“Lo más hermoso en la vida son las ilusiones”. Lo dijo hace 200 años un señor que se llamaba Balzac, pero creo que ahora lo suscribiríamos todos. Tenemos el derecho a ilusionarnos y sobre todo a cumplir las ilusiones. Trabajar en lo que nos gusta, amar y sentirse amado, fundar un hogar, tener una casa… Todos necesitamos un techo donde cobijarnos, donde acudir cuando estemos perdidos, donde forjar recuerdos que luego se mantendrán indelebles en la memoria y en el corazón. Aquellos correteos por el pasillo detrás de la pelota, aquella cajita donde escondías los peluches, el olor a café y pan recién tostado, el gorjeo de los pajarillos en el almendro… Un mundo dentro del mundo. Tu mundo.
Pero en esta sociedad, donde todo tiene un precio, hay ilusiones que se cotizan caras. Carísimas. Como la vivienda, convertida en negocio por obra y gracia de especuladores a los que se la traía al pairo el trinar de los gorriones, el olor a café y los recuerdos. Una peligrosa transformación porque en los negocios siempre hay quien llena las alforjas y quien las vacía –o mejor dicho, se las vacían-. Fue entonces cuando sus ilustrísimas miraron para otro lado. Que la gente asumía una deuda que duplicaba su renta, pues que la asuman. Que se firmaban hipotecas por cuarenta años, pues que las firmen. Que se pagaban 3.000 euros por un puto metro cuadrado, pues que los paguen. El crédito era inagotable, España crecía al 4 por ciento y nuestro presidente fumaba puros habanos en el despacho oval mientras Bush y Schroeder le reían las gracias.

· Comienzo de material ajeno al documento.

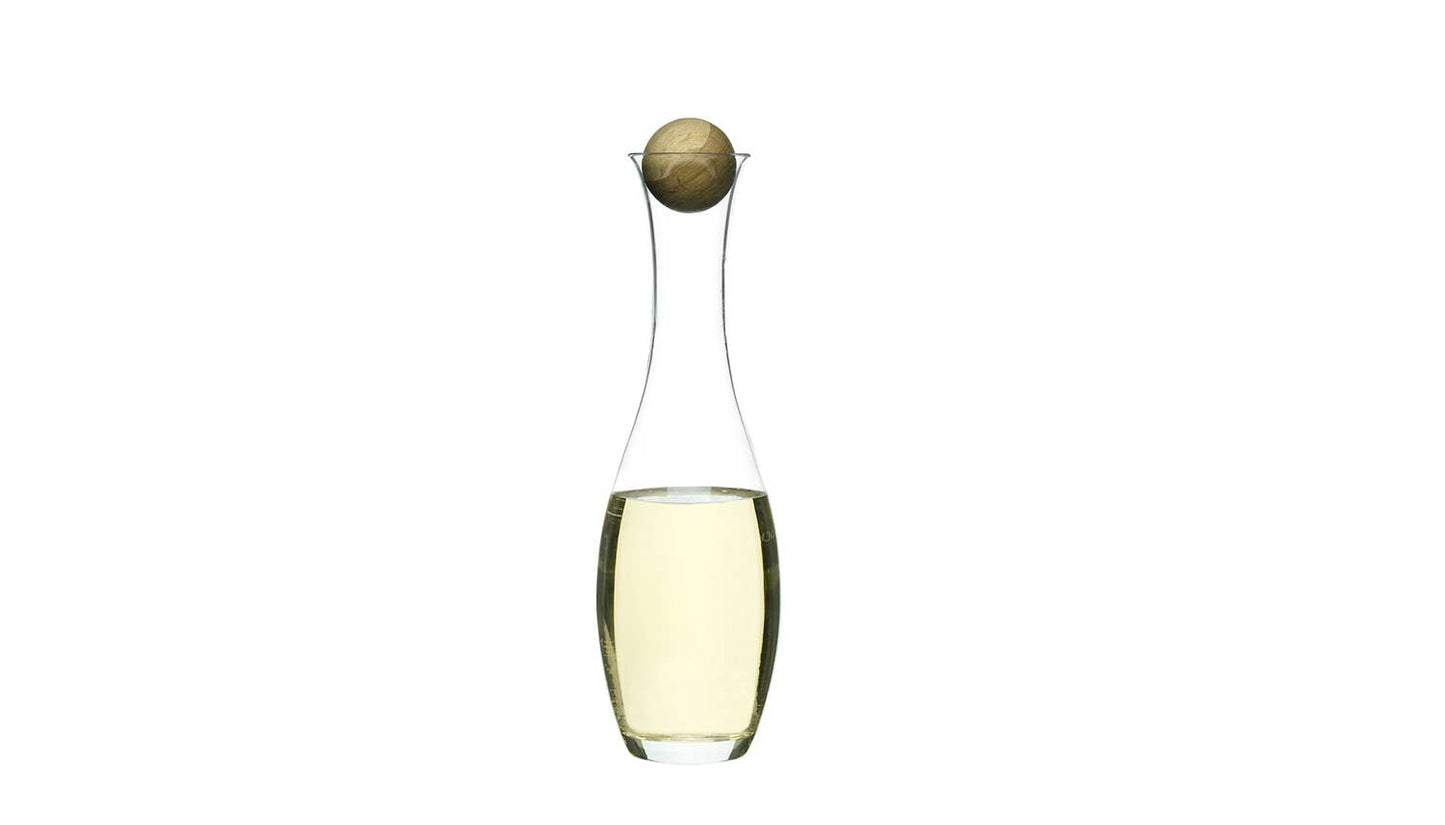 Wine/Water Carafe with Oak Stopper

Pero los puros habanos siempre se acaban. Como las fiestas y las ínfulas de falsos ricachones. Y la burbuja estalló, la economía se desplomó y el mundo se fue al garete. Con las familias, sus casas y sus ilusiones dentro. Y entonces fue cuando vimos la cara más desabrida de la pobreza. La de aquéllos que no pueden pagar la casa porque no tienen para comer. La de miles y miles de biografías truncadas porque un día recibieron la primera carta. “Estimado señor, lamentamos comunicarle que hoy hemos procedido a ejecutar la hipoteca”. La segunda. “Estimado señor, en virtud de la ley hipotecaria, el próximo jueves debe abandonar su domicilio”. Y la tercera y definitiva. “Estimado señor, ante los desobedecimientos reiterados, una comisión judicial se personará en la finca para hacer efectivo el embargo de su residencia”. Y entonces, el estimado señor, que un día soñó con los correteos de los chiquillos por el pasillo, el olor a café y los pajarillos, decide sentarse en el escritorio. Escribir una notita para decir “no puedo más”. Abrir la ventana. Y tirarse por ella acabando con las ilusiones y con su existencia.
Amigos y amigas, lectores todos, ésta es la verdadera crisis. La crisis de la ilusión, que es más peligrosa que la del dinero porque una antecede a la otra. Y la única solución pasa por recuperarla. Por rescatarla. Por arrebatársela a los que impunemente la quitaron. Entonces, sólo entonces, estaremos en disposición de abrir nuevamente el balcón de par en par. Respirar fuerte. Y en vez de dejar una amarga despedida en un pósit, asomarnos para gritar con todas las fuerzas: “¡Jodeos, cabrones, que nunca me venceréis!”.